If we want to address materials that are dispersive (and nearly everything is) we can run calculations for every wavelength separately, which can be useful if we want to use really measured values of optical parameters, given for every wavelength separately. To speed up the calculation of spectral properties significantly, it is however useful to run calculation with source containing multiple frequencies and analysing the spectral dependence of result. In this case we need to use some dispersive model for the material (e.g. Lorenz material). From many models and algorithms available for FDTD in the literature the recursive convolution method is implemented in Gsvit at present.
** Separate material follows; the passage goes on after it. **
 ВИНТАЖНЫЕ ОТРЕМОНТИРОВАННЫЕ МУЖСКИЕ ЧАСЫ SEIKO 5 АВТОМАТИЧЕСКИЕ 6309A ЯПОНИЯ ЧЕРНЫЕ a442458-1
A more complex case is also simulation of real metals, where we cannot use the standard Yee's algorithm as well as the wavelengh in the metal would become extremely small and the algorithm would be unstable. Here again we can use the dispersive material approach, e.g. recursive convolution method. If we are satisfied with use of a perfect electric conductor (PEC) only, instead of a real metal, the situation is much simpler. We simply null the values of tangential of components of the electric field at the PEC/material boundary.

In Gsvit you can define any of the above mentioned materials individually, for standard material using MEDIUM_LINEAR or MEDIUM_VECTOR approach and for all the advanced materials using MEDIUM_VECTOR approach. You can also use a database of optical properties installed with GSvit, that allows you to pick a material by its name. Note that there are multiple choices for some materials and that some optical models won't work for every wavelength. Typically for metals the measured spectra cannot be directly used in FDTD and a dispersive model needs to be used for recursive convolution method (e.g. critical points model).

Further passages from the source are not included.